I really like Charlie Puth’s work. The way he blends his vocals and harmonies resonates with me on another level, and it’s the type of mixing I try to achieve. I also love the way he’s interested in the theory and science behind the music. It’d be a really interesting and fulfilling experience to have a collaborate with him.
Where can our listeners follow and support your music? (Website,Spotify, IG, links)
I have social media accounts on Instagram, TikTok and an artist page on YouTube:
Instagram: https://www.instagram.com/nottalha4/
TikTok: https://www.tiktok.com/@nottalha4
YouTube: https://www.youtube.com/@nottalha433
Spotify: https://open.spotify.com/artist/0lT8YELPZz9GPYW6lUejfi?si=7ySu1-ElSiC7vmy2qxQWeg
Apple Music: https://music.apple.com/tr/artist/talha/1807719062
I haven’t been that active recently but I plan on returning with my upcoming album.
Looking toward the future, what’s your dream for the next chapter of your musical journey?
I’d love to have a small but steady audience that I could interact and share my stuff with. I’m not talking millions for now. A few hundred or a thousand would mean the world to me.
What do you hope listeners will discover about you along the way?
I hope listeners discover that there is a lot of intentionality behind my music.
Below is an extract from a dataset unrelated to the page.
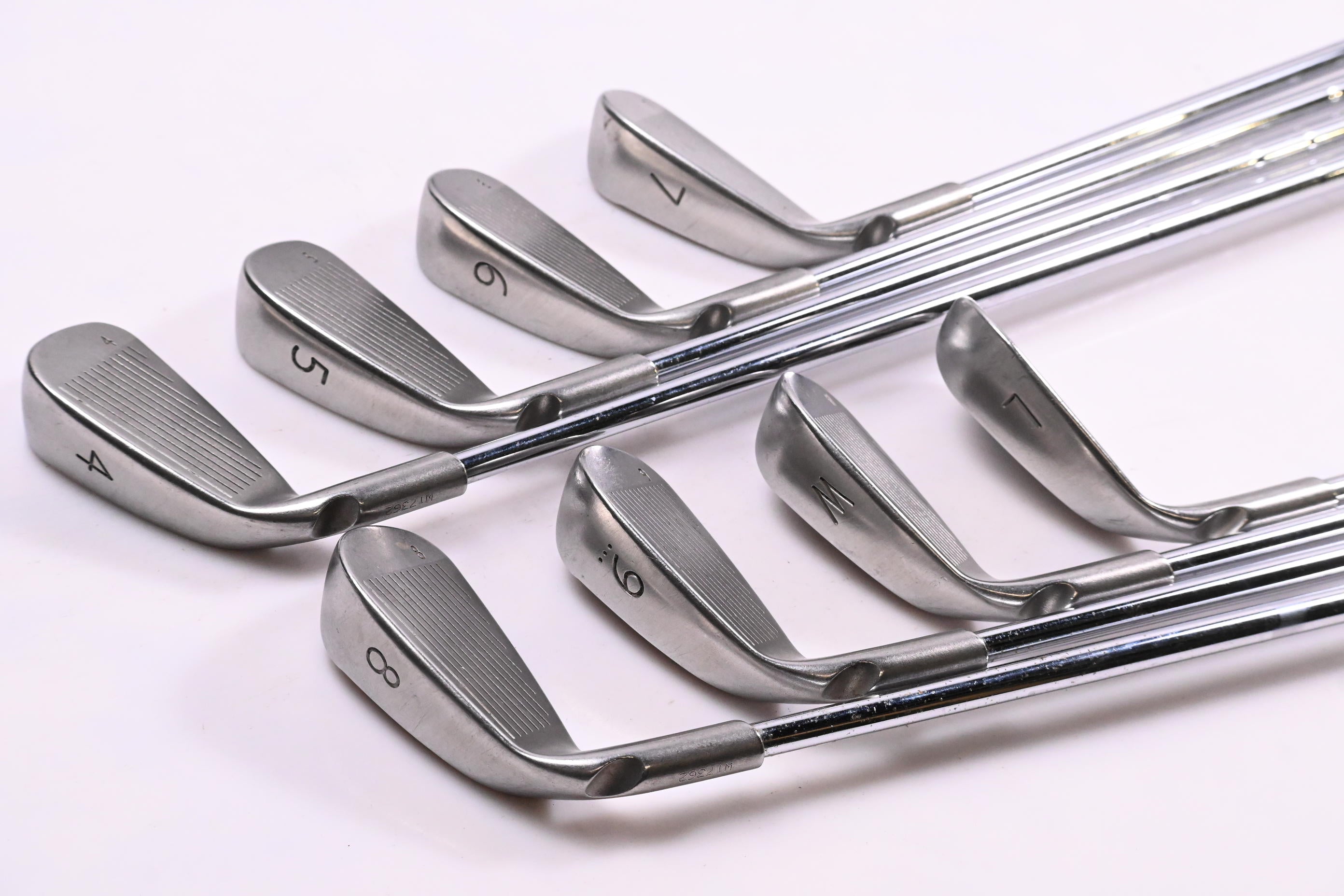 Ping G10 Irons / 4-PW+LW / White Dot / Stiff Flex Ping AWT Shafts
Being an engineering student, I’m getting used to looking at, understanding, and adapting the way things are built and I bring the same focus to my music. Every layer and every effect is there to serve the mood. Beyond that, I hope my listeners see that I’m not just one thing. People expect engineers to be purely logical but I’d like to show them the more reflective, human side of me through these songs. I’m just a guy trying to make sense of the same old memories and “what ifs” that most people if not everyone have, and I hope people can find a piece of their own stories in my songs.